Let us divide our equation of motion by $\gamma$ to make the role of $\tau$ explicit:

🔵 PHYSICS

$$\frac{m}{\gamma} \cdot \frac{d\mathbf{v}}{dt} = -\frac{1}{\gamma} \nabla U(\mathbf{x}) – \mathbf{v}$$ $$\tau \cdot \frac{d\mathbf{v}}{dt} = -\frac{1}{\gamma} \nabla U(\mathbf{x}) – \mathbf{v}$$

🟡 MACHINE LEARNING

$$\frac{m}{\gamma} \cdot \frac{d\mathbf{v}}{dt} = -\frac{1}{\gamma} \nabla L(\mathbf{w}) – \mathbf{v}$$ $$\tau \cdot \frac{d\mathbf{v}}{dt} = -\frac{1}{\gamma} \nabla L(\mathbf{w}) – \mathbf{v}$$

Chapter III: The Limit $\tau \to 0$ and the Emergence of Gradient Descent

3.1 The Overdamped Regime: When $\tau$ Becomes Negligible

Now we arrive at the crucial moment. What happens when $\tau$ becomes very small? This occurs when:

$m \to 0$ (negligible mass)
or $\gamma \to \infty$ (infinitely strong friction)
or both, as long as $m/\gamma \to 0$

In this limit, the term $\tau \frac{d\mathbf{v}}{dt}$ becomes negligible compared to the other terms. Mathematically:

🔵 PHYSICS – Limit $\tau \to 0$

$$0 \approx -\frac{1}{\gamma} \nabla U(\mathbf{x}) – \mathbf{v}$$ $$\mathbf{v} \approx -\frac{1}{\gamma} \nabla U(\mathbf{x})$$

Velocity is instantaneously proportional to force. No inertia, no memory.

🟡 ML – Limit $\tau \to 0$

$$0 \approx -\frac{1}{\gamma} \nabla L(\mathbf{w}) – \mathbf{v}$$ $$\mathbf{v} \approx -\frac{1}{\gamma} \nabla L(\mathbf{w})$$

Velocity is instantaneously proportional to gradient. No momentum accumulation.

ATTENTION: What does $m=0$ and $\gamma \to \infty$ physically mean?

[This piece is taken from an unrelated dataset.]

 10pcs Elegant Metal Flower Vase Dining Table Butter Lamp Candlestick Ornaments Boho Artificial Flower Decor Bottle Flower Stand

Parameter	Value in Pure GD	Physical Consequence	Consequence in ML
$m$ (mass)	→ 0	No resistance to velocity change	Velocity changes instantly at each step
$\gamma$ (friction)	→ ∞	Infinite resistance to movement	Velocity decays instantly if not reinforced by gradient
$\tau = m/\gamma$	→ 0	Zero relaxation time	No “memory” between iterations

3.2 From Continuous Dynamics to Discretization

In both physics simulations and machine learning, we work with discrete time steps. Let us discretize our overdamped equation:

🔵 PHYSICS – Continuous Form

$$\mathbf{v} = \frac{d\mathbf{x}}{dt} = -\frac{1}{\gamma} \nabla U(\mathbf{x})$$

Velocity is the time derivative of position

🟡 ML – Continuous Form

$$\mathbf{v} = \frac{d\mathbf{w}}{dt} = -\frac{1}{\gamma} \nabla L(\mathbf{w})$$

Velocity is the time derivative of weights

Now we discretize using $\Delta t$ (time step):

🔵 PHYSICS – Discretization

$$\frac{d\mathbf{x}}{dt} \approx \frac{\mathbf{x}_{t+1} – \mathbf{x}_t}{\Delta t}$$ $$\frac{\mathbf{x}_{t+1} – \mathbf{x}_t}{\Delta t} = -\frac{1}{\gamma} \nabla U(\mathbf{x}_t)$$ $$\mathbf{x}_{t+1} = \mathbf{x}_t – \frac{\Delta t}{\gamma} \nabla U(\mathbf{x}_t)$$

🟡 ML – Discretization

$$\frac{d\mathbf{w}}{dt} \approx \frac{\mathbf{w}_{t+1} – \mathbf{w}_t}{\Delta t}$$ $$\frac{\mathbf{w}_{t+1} – \mathbf{w}_t}{\Delta t} = -\frac{1}{\gamma} \nabla L(\mathbf{w}_t)$$ $$\mathbf{w}_{t+1} = \mathbf{w}_t – \frac{\Delta t}{\gamma} \nabla L(\mathbf{w}_t)$$

3.3 The Learning Rate: $\eta = \Delta t / \gamma$

We now define the learning rate as the ratio of time step to friction coefficient:

DEFINITION OF LEARNING RATE: $$\eta = \frac{\Delta t}{\gamma}$$

Deep Insight: What the Learning Rate Really Is

$\eta = \Delta t / \gamma$ is not a magic number to choose randomly. It is the product of two physical quantities:

$\Delta t$ (time step):

PHYSICS: how much time passes between updates
ML: how much “virtual time” passes in one iteration

$1/\gamma$ (mobility):

PHYSICS: how easily the particle moves (inverse of friction)
ML: how easily weights update

So large $\eta$ means:

Large $\Delta t$: big temporal jumps
OR small $\gamma$: little friction, easy movement
Result: large steps in space ($\mathbf{x}$ or $\mathbf{w}$)

And small $\eta$ means:

Small $\Delta t$: frequent, gradual updates
OR large $\gamma$: high friction
Result: small steps, slow but stable convergence

3.4 The Final Gradient Descent Equation

Substituting $\eta = \Delta t / \gamma$, we obtain the canonical form of gradient descent:

🔵 PHYSICS

$$\mathbf{x}_{t+1} = \mathbf{x}_t – \eta \nabla U(\mathbf{x}_t)$$

The particle moves in the direction opposite to the potential energy gradient.

🟡 MACHINE LEARNING

$$\mathbf{w}_{t+1} = \mathbf{w}_t – \eta \nabla L(\mathbf{w}_t)$$

The weights update in the direction opposite to the loss function gradient.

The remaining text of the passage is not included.